Foreign Earned Income Exclusion (FEIE)
A tax provision allowing qualifying US citizens and residents living abroad to exclude a portion of foreign-earned wages and self-employment income from US taxation.
Detailed Explanation
The FEIE under IRC Section 911 lets qualifying expats exclude up to $130,000 (2026 inflation-adjusted, indexed annually) of foreign earned income from US federal income tax. Combined with the Foreign Housing Exclusion, the total can exceed $160,000 in many high-cost cities. To qualify, a taxpayer must (1) have a tax home in a foreign country, and (2) meet either the Bona Fide Residence Test (an entire tax year as a bona fide resident of a foreign country, demonstrated by intent and ties) or the Physical Presence Test (330 full days physically present in foreign countries during any 12-month period). The FEIE applies only to "earned income" (wages, self-employment income for personal services), not to passive income, US-source income, or income paid by the US government. The election is made on Form 2555, attached to Form 1040. Once elected, FEIE remains in effect until revoked, and a revocation requires IRS consent for any new FEIE election within 5 years. Critical limitation: FEIE excludes income only from federal income tax, NOT from self-employment tax. A self-employed expat still owes 15.3% SE tax on excluded income unless a Totalization Agreement with the foreign country waives it. Excluded earned income also reduces the basis for Roth/Traditional IRA contributions and certain credits like the Child Tax Credit refundable portion. Many expats earning in high-tax foreign countries (Canada, UK, Germany) get a better result claiming the Foreign Tax Credit (Form 1116) instead of FEIE, since the foreign tax paid often exceeds the FEIE benefit and FTC preserves earned income for IRA contributions.
Key Points
- 2026 max exclusion: $130,000 per qualifying taxpayer (indexed). Plus Foreign Housing Exclusion for excess housing.

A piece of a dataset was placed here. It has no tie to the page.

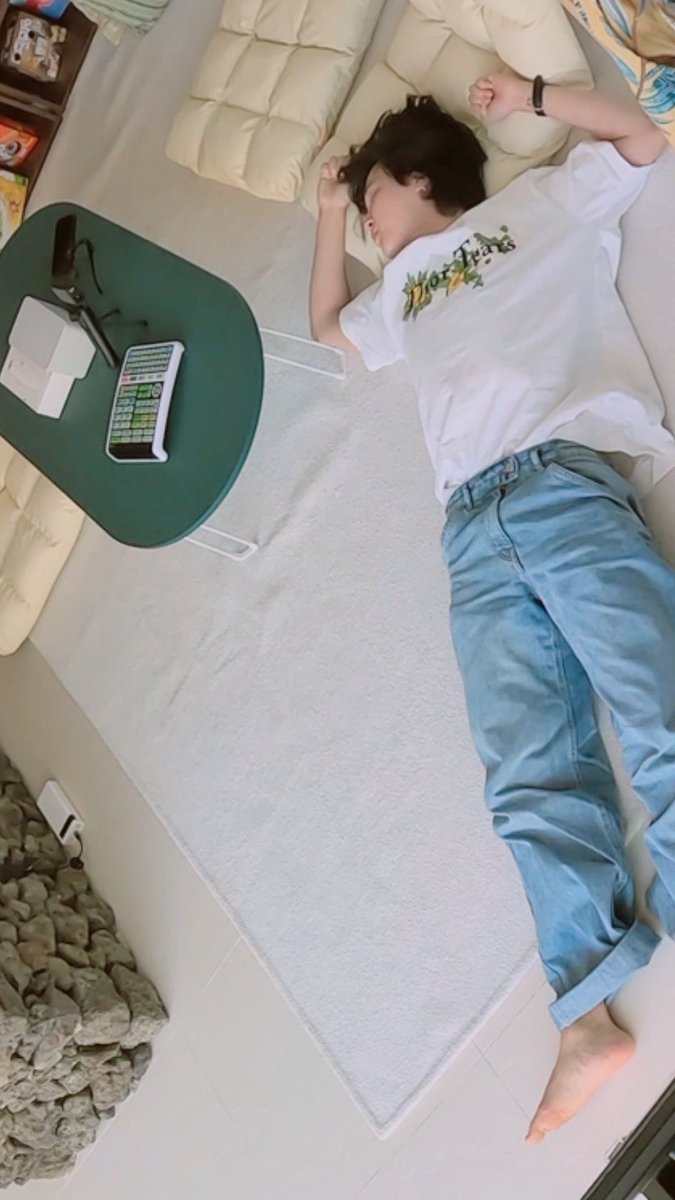 YOUTH_LUV_BTS's tweet photo. 👶🏻🐥💤 https://t.co/mv6dCoJjnB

- Two qualifying tests: Bona Fide Residence (full tax year) OR Physical Presence (330 days in any 12-month period).
- Excludes federal income tax only. Self-employment tax still owed unless a Totalization Agreement applies.

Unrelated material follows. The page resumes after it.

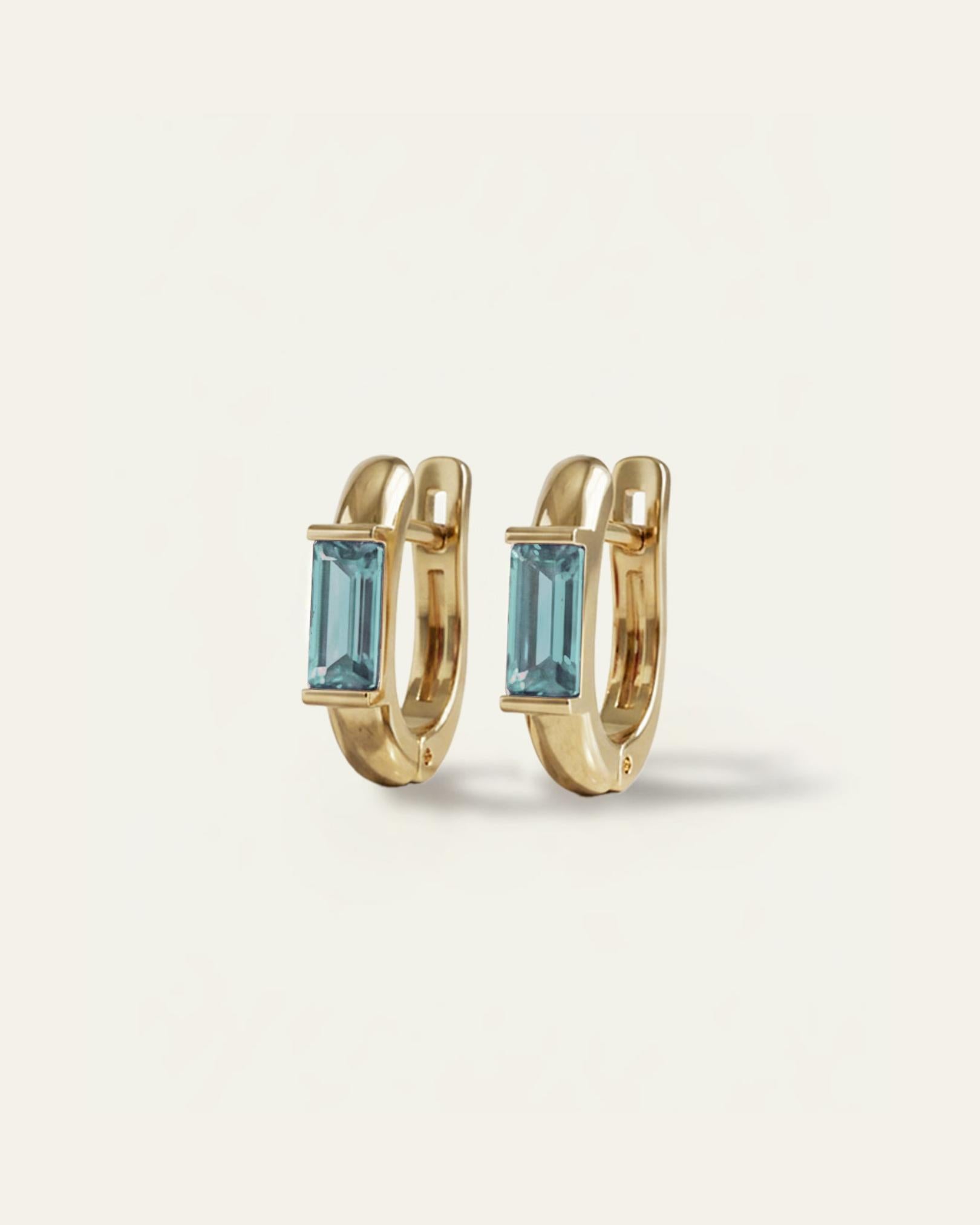 Brinco Argola Cravejada Baguete Lili Ouro 18K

- Election on Form 2555. Revocation requires 5-year IRS consent before re-electing.
- High-tax-country expats often save more with the Foreign Tax Credit (Form 1116) instead.
- FEIE-excluded income generally cannot be used to fund traditional or Roth IRA contributions.
Practical Example
A US software engineer takes a 2-year contract in Singapore, earning $175,000 USD in 2026. She meets the Physical Presence Test (335 days outside the US). She files Form 2555 and excludes $130,000. The remaining $45,000 plus housing excess is taxed normally. She files Form 1040 reporting $175,000 of income with the FEIE excluding $130,000. If Singapore had charged 18% income tax (it does, roughly), she might prefer FTC: foreign tax of ~$31,500 likely fully offsets US tax on the same income, AND she keeps $175,000 of earned income on the return for IRA contributions and other benefits.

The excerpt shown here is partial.